What you are asked to do:
The listing below is to be duplicated exactly, with every picture omitted.

Supplied material:
'''

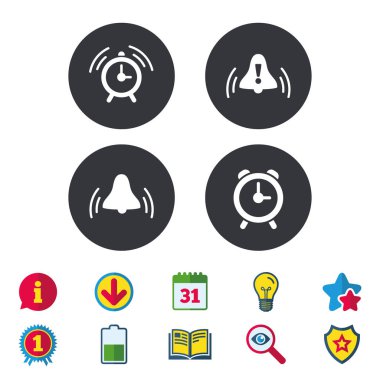 çalar saat simgeler. çan işareti sembolleri uyan.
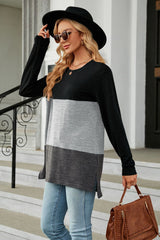 BEAUTIFUL I AM Color Block Round Neck Long Sleeve Slit Shirt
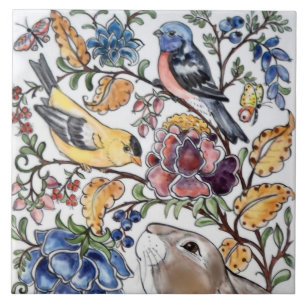 Carreau Brown lapin Lapin Oiseau Floral Top Visages L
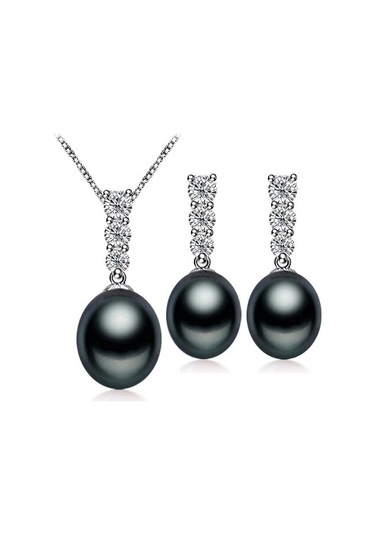 Siyah Lsooyh Klasik Doğal Tatlı Su Inci Kolye Kübik Zirkonya Uzun Küpe Inci Takı Setleri Siyah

'''

Response box:
 çalar saat simgeler. çan işareti sembolleri uyan.
 BEAUTIFUL I AM Color Block Round Neck Long Sleeve Slit Shirt
 Carreau Brown lapin Lapin Oiseau Floral Top Visages L
 Siyah Lsooyh Klasik Doğal Tatlı Su Inci Kolye Kübik Zirkonya Uzun Küpe Inci Takı Setleri Siyah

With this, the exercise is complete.